Bon, tu as ce qu'il faut dans le lien que je t'ai mis dans mon message.

Si tu veux commander la memoire, tu le fais c'est comme tu veux. :rateau:

A+


----------



## lolmaniac93600 (27 Mai 2010)

il y a un truc qui va compliquer c'est que c quel revision ? revision a ou B ? car dans le lien pour le PowerMac G3 (B&W) c uniquement pour le rev B


----------



## iMacounet (27 Mai 2010)

Quelle est la puissance de ton processeur ?

c'est normalement noté sous la prise d'alimentation.


----------



## lolmaniac93600 (27 Mai 2010)

400MHZ/1M Cache/64MB SDRAM/6GB HD/DVD-ROM/KB

---------- Nouveau message ajouté à 14h40 ---------- Le message précédent a été envoyé à 14h39 ----------

c assez obsolète Oo'

---------- Nouveau message ajouté à 14h41 ---------- Le message précédent a été envoyé à 14h40 ----------

c en SDRAM mais alors pourquoi le vendeur a mis des DIMM ?


----------



## iMacounet (27 Mai 2010)

Il ya deux modèles en 400 Mhz

M6665LL/A 
M7555LL/A (REV B)

Oui c'est une machine obsolète, complètement depassée.

Regarde si tu trouve si c'est un M6665LL/A (REV A) ou un  M7555LL/A (REV B)


----------



## lolmaniac93600 (27 Mai 2010)

aie je trouve pas le model exact 

---------- Nouveau message ajouté à 14h50 ---------- Le message précédent a été envoyé à 14h48 ----------

mais il date de 1998

---------- Nouveau message ajouté à 14h51 ---------- Le message précédent a été envoyé à 14h50 ----------

c surment le rev A car le b&W etait encore la en 1999


----------



## iMacounet (27 Mai 2010)

regarde sur priceminister c'est moins cher pour de la sdram pc 100 168pins 

---------- Nouveau message ajouté à 14h56 ---------- Le message précédent a été envoyé à 14h54 ----------




lolmaniac93600 a dit:


> aie je trouve pas le model exact
> 
> ---------- Nouveau message ajouté à 14h50 ---------- Le message précédent a été envoyé à 14h48 ----------
> 
> ...


Le G3 B&B date de janvier 1999 (pour les premiers)
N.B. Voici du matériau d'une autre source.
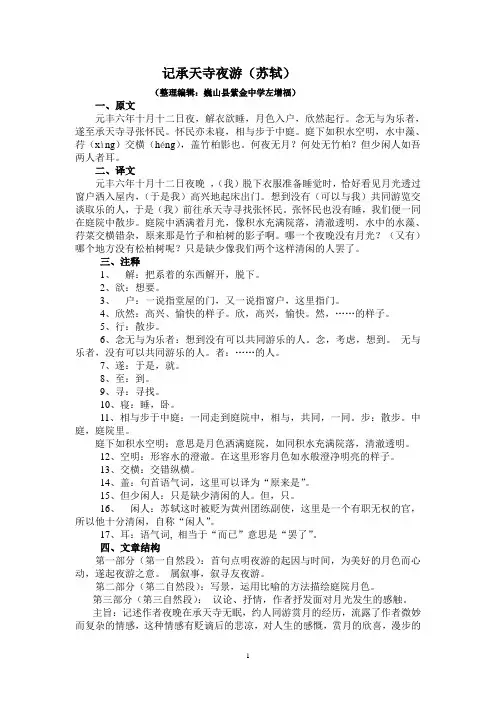 记承天寺夜游：知识点、考点一网尽(含答案)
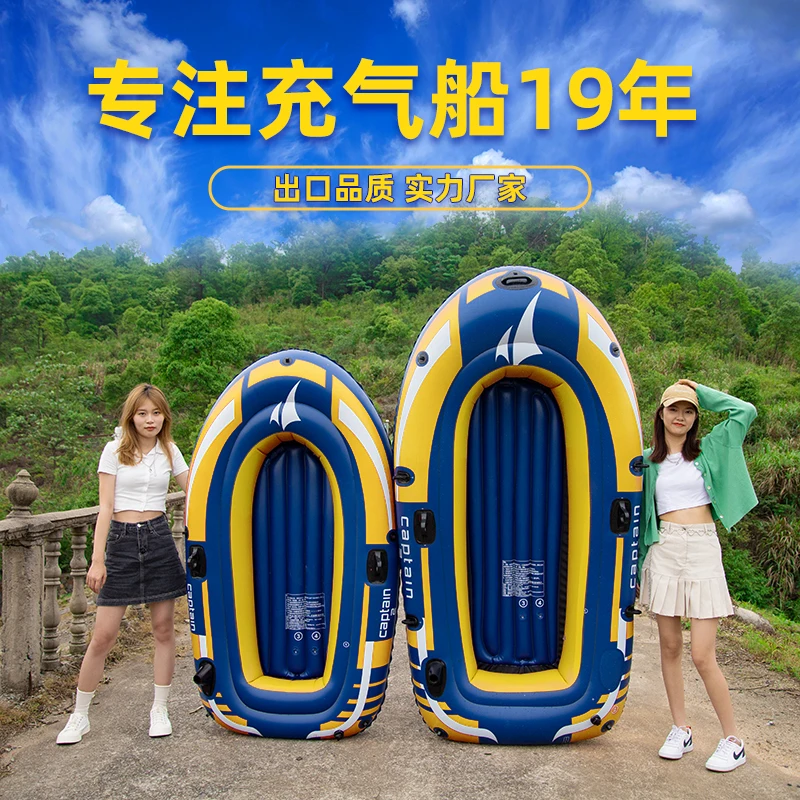 Rubberboot, verdikte opblaasba - Inflatable Kayak 3 Person recensie en prijs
c'est surement un REV-A 400MHZ


----------



## lolmaniac93600 (27 Mai 2010)

:rateau::rateau::rateau::rateau::rateau::rateau::rateau::rateau::rateau: ok 


mais je prèfère prendre de la Ram allieurs, je connais un magasin qui en vendent pas mal =P


----------



## iMacounet (27 Mai 2010)

Ok, mais ne te trompe pas.


----------



## lolmaniac93600 (27 Mai 2010)

il faut que je voit aussi le problème de la Pile PRAM et de la carte graphique, paut ètre que la carte graphique fonctionne pas, je vais l'essayer sur un vieux Tacot, le bon vieux PC avec Windows 98


----------



## iMacounet (27 Mai 2010)

Non !

Une carte graphique Mac ne fonctionne qu'avec un Mac.


----------



## lolmaniac93600 (27 Mai 2010)

je sais mais des fois les matériels PC sont compatibles avec les MAC's

---------- Nouveau message ajouté à 15h05 ---------- Le message précédent a été envoyé à 15h04 ----------

la carte graphique est une ATI Rage PRO 128 en PCI (16MB video RAM)


----------



## iMacounet (27 Mai 2010)

Disque dur, memoire ram, lecteur ... Mais pas la carte graphique.


----------



## lolmaniac93600 (27 Mai 2010)

les mellieurs PC d'époque en était équipé


----------



## iMacounet (27 Mai 2010)

De quoi ?


----------



## lolmaniac93600 (27 Mai 2010)

les MacPro de maintenant ont des carte graphiques ATI en PCI-Express , les même utilisés sur les PC tunés


----------



## iMacounet (27 Mai 2010)

Oui mais, les firmwares (enfin le truc pour que la cg soit reconnue quoi ) utilisés sur Mac et sur Windows ne sont pas les mêmes.


----------



## lolmaniac93600 (27 Mai 2010)

c juste la question de pilote et de modèle, pas de type Mac/PC


----------



## iMacounet (27 Mai 2010)

Essaye de mettre une Ge Force MX2 AGP  dans un PC et d'y brancher un écran Apple avec connexio  ADC, tu  verra bien.


----------



## didgar (27 Mai 2010)

Salut !

*iMacounet* a raison ! La ram présente dans ta machine ne semble pas adaptée. J'ai un G3 BB rev2.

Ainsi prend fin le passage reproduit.